■ **WHAT THE TASK REQUIRES**
All pictures are to be dropped, and the remaining data set down exactly.

■ **PROVIDED RECORDS**
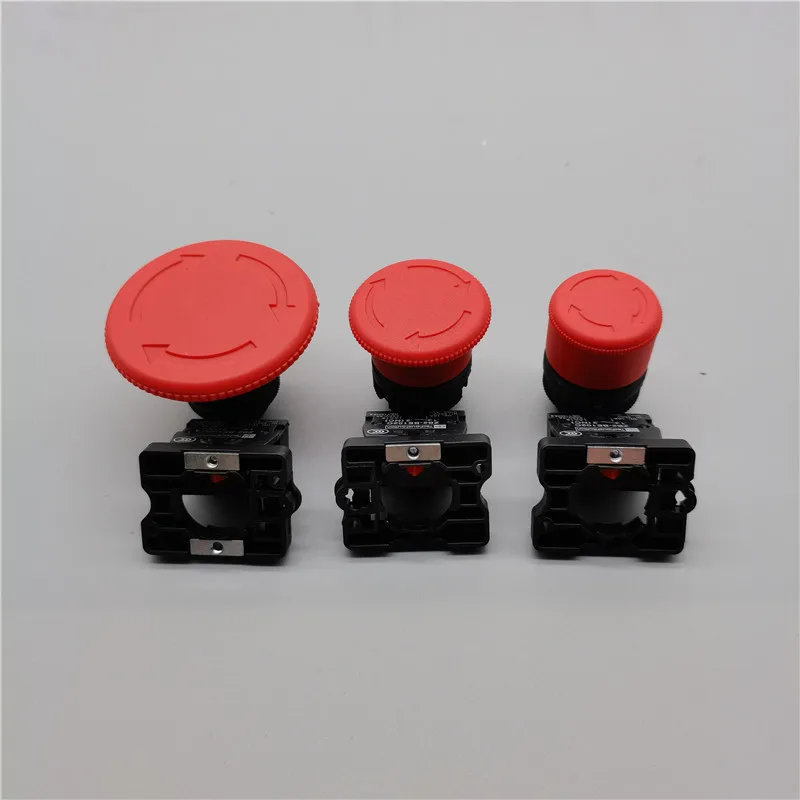 

1pcs Mechanical Machine Xb2-bs542 Xb2-bs543 30mm 40mm 60mm Normally Closed Red Mushroom Emergency Stop Button Switch 600V 10A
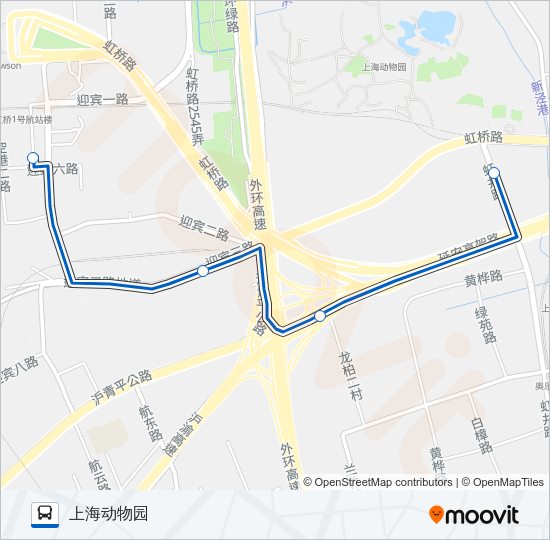 公交1207路的线路图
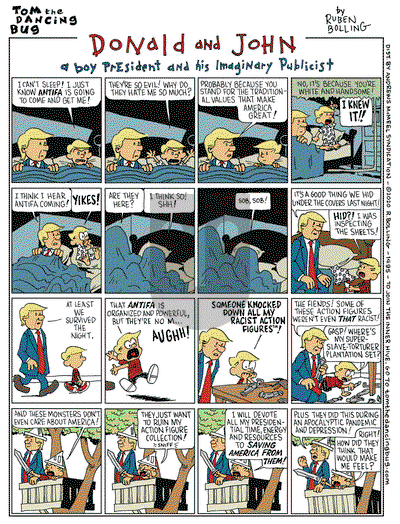 Tom the Dancing Bug on Monday July 6, 2020 Comic Strip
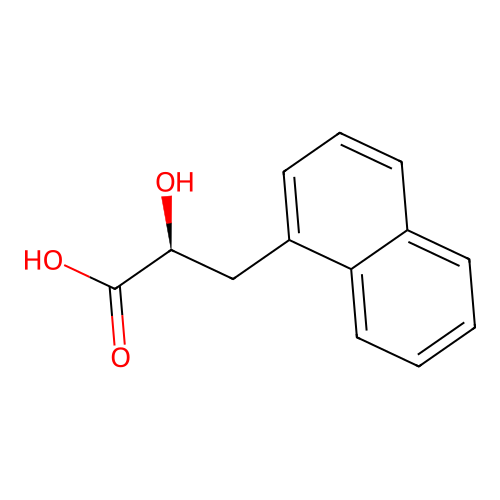 (2S)-2-Hydroxy-3-(naphthalen-1-yl)propanoic acid structure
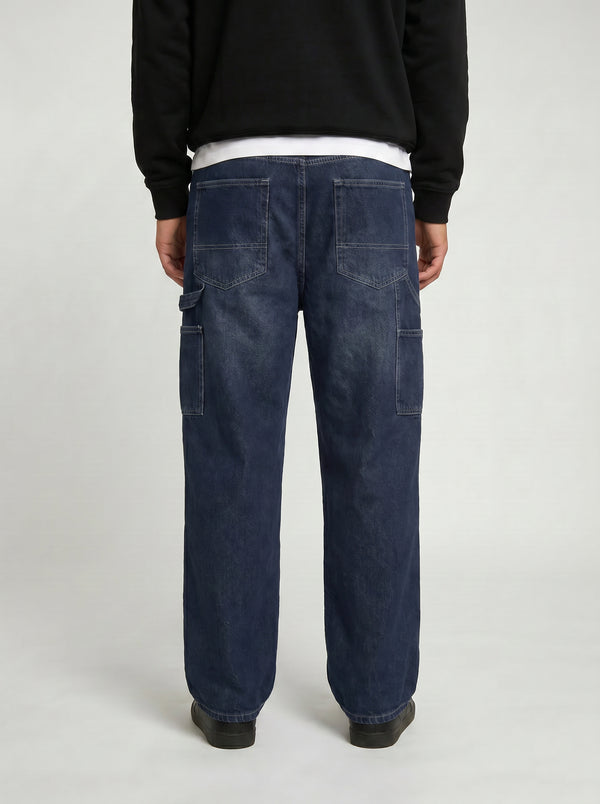 Dark Indigo Cargo Jeans
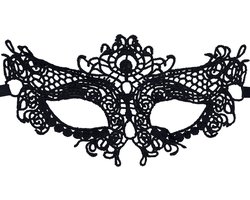 New Age Devi - Oogmasker-zwart-kant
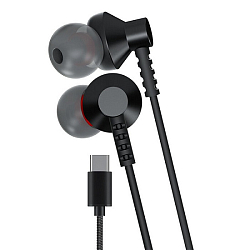 Наушники WALKER H725, Type-C, черные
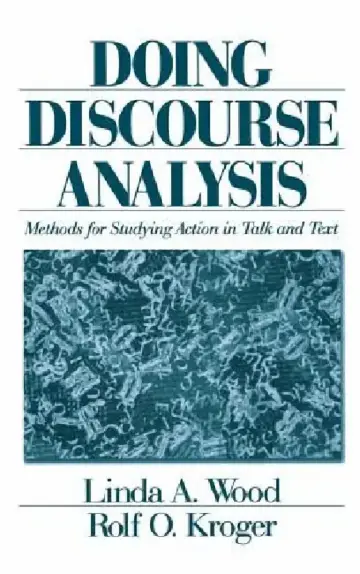 Cover of Doing Discourse Analysis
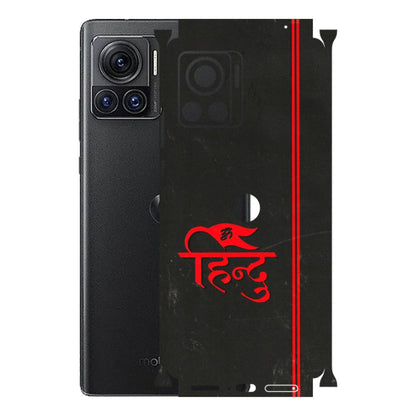 Motorola Phone Skins (All Models) - Hindu Black - 3D Embossed Finish (L-153) Motorola Moto Edge 30 Ultra (5G)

■ **OUTPUT OF THE EXERCISE**
1pcs Mechanical Machine Xb2-bs542 Xb2-bs543 30mm 40mm 60mm Normally Closed Red Mushroom Emergency Stop Button Switch 600V 10A
 公交1207路的线路图
 Tom the Dancing Bug on Monday July 6, 2020 Comic Strip
 (2S)-2-Hydroxy-3-(naphthalen-1-yl)propanoic acid structure
 Dark Indigo Cargo Jeans
 New Age Devi - Oogmasker-zwart-kant
 Наушники WALKER H725, Type-C, черные
 Cover of Doing Discourse Analysis
 Motorola Phone Skins (All Models) - Hindu Black - 3D Embossed Finish (L-153) Motorola Moto Edge 30 Ultra (5G)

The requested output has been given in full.